Although Jim Daily, managing director for North America at Teads, acknowledged a majority of video ads are pre-roll and are priced on a CPM basis, the In-Read format aims to let publishers offer more flexibility in pricing around completed views.

“The market is accustomed to things they’re used to, which happens to still be pre-roll, but pre-roll, like the banner, will come under intense scrutiny this year,” Forbes’ Howard predicted. “The more viewability tracking that enters pre-roll, the more that you can detect the player size and the resolution and advertisers will have a wakeup call.”

The argument that viewability will drive up CPMs is too simplistic a way to assess the evolution at hand, some experts say.

Market demand will ultimately dictate pricing conditions, said David Hahn, SVP of product management for ad verifier Integral Ad Science, which bought video measurement company Veenome last week.

“The viewability discussion indicates [that] the supply and demand curve needs to be reset,” he said. “Once the sell side can prove out how viewable or how much ‘quality’ is inherent in the media, the demand will say, ‘that’s valuable to me’ and the prices will go up. However, let’s say there’s only one guy in the bid chain who wants it, they’re going to get a very good deal.”

Hahn’s point answers a common argument that advertisers shouldn’t have to pay a premium for viewable impressions.

“Supply and demand will obviously dictate where pricing will end up, but you might think that to a certain extent, you could lower your effective CPM by packaging viewable and non-viewable impressions together,” Glenn added.

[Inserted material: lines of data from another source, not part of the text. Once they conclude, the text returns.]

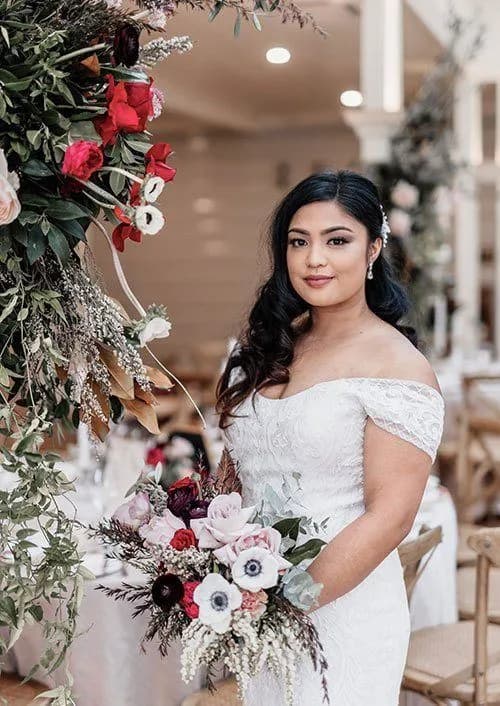 a beautiful bride posing for a photograph holding her wedding bouquet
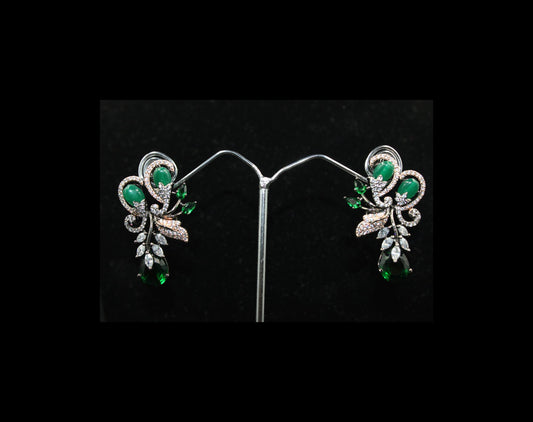 Fancy stud earring with dark green stones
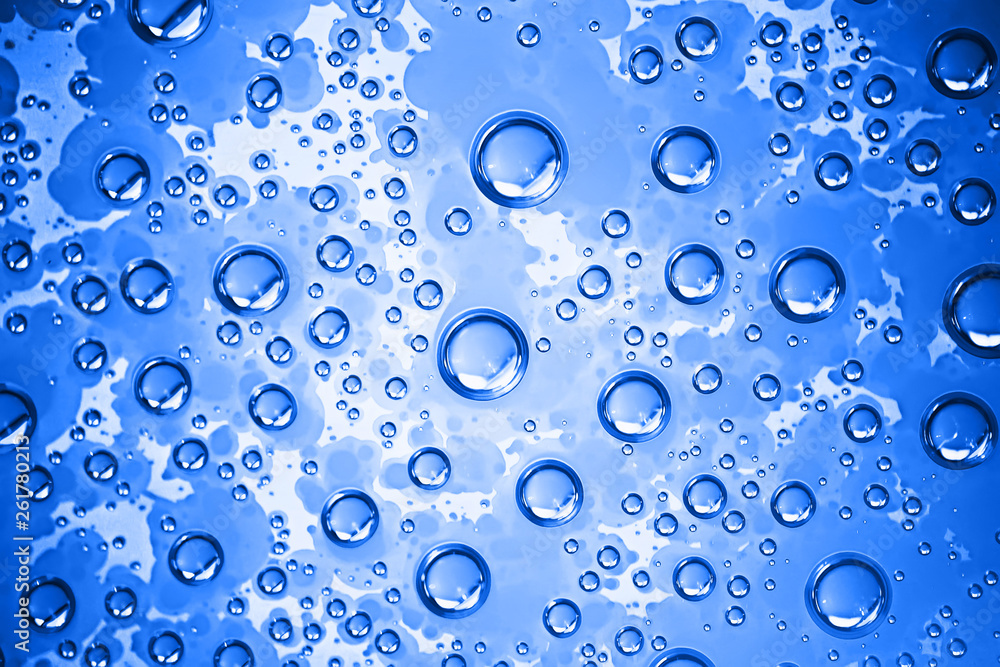 fresh drops background blue glass / wet rainy background, water drops transparent glass blue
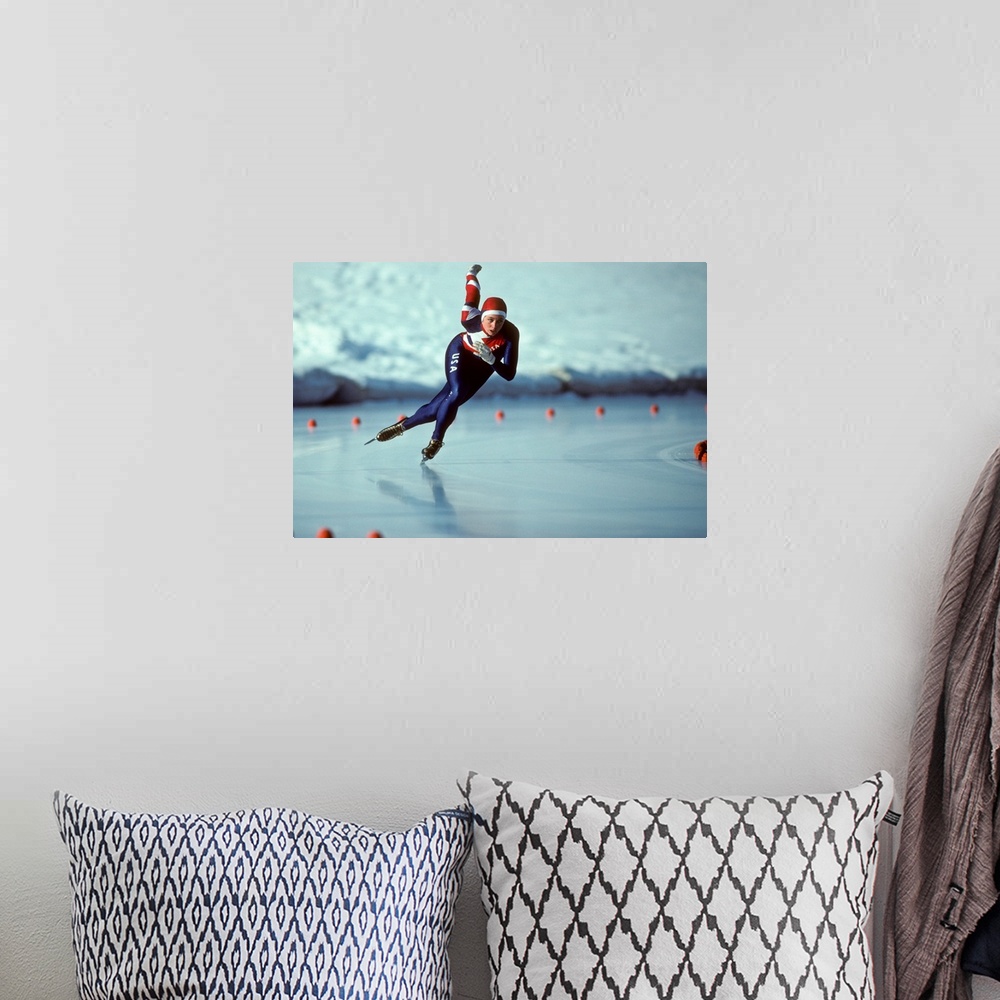 A bohemian room featuring Male speed skater in action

In the burgeoning video ads ecosystem, there’s arguably no middle ground between the scarce premium publisher inventory, which commands sky-high CPMs and the cheaper long-tail stuff sometimes associated with open exchanges.

As more nuanced pricing parameters come into play, experts say it will diversify the supply chain. Player size, page proximity, device type and audibility are additional factors to weigh in with video, since the experience is so contextual.

Some of the video DSPs are letting buyers optimize against “Viewable Impression” or “Viewable Complete,” both suiting different campaign goals. For instance, buying on viewable completion is one way to guarantee an ad had a better chance of achieving brand impact.

“The hard thing will be to scale, and I don’t mean scale in that there’s not enough viewable impressions out there,” said Brian Mandelbaum, CEO of video ad platform Clearstream, which recently launched a private marketplace where advertisers can bid based on viewability percentages and where the market price varies based on percent time in view.

“The question is, are advertisers willing to pay for what the true value is to achieve a viewable campaign?” he said. “You can debate 50% or 60% in-view, but it doesn’t matter. It’s about time and, out of 20 seconds, what was the percentage opportunity to run in-view?”

Can Viewability Standards Translate to Mobile?

Until browser-based viewability issues are solved, mobile is barely a blip on the radar. But because some publisher audiences are now more than 50% mobile, it’s another lingering challenge the industry has yet to solve, SheKnows’ Glenn said.

Because mobile users are highly engaged with their devices, the bar is even higher.

Some companies are developing formats to address this problem, such as video ad platform Unruly, which develops in-feed formats that mimic the experience of Facebook in-app video.

It also has a programmatic buying platform called UnrulyX, which allows advertisers to bid on viewable impressions from premium publishers like USA Today and IDG Tech. UnrulyX has hooks in to Index Exchange for access to programmatic demand from trading desks and DSPs.

“Once the video has been triggered by coming into the viewable area on the smartphone, our billing event is three seconds of viewability, so it’s a bit ahead of the MRC threshold,” said Unruly’s founder and CEO, Scott Button.

“We’re only able to bill for inventory when the three-second threshold has been met, so it’s basically guaranteeing, in a programmatic environment, that every impression you’re buying will be viewable regardless of which third-party platform you used for verification.”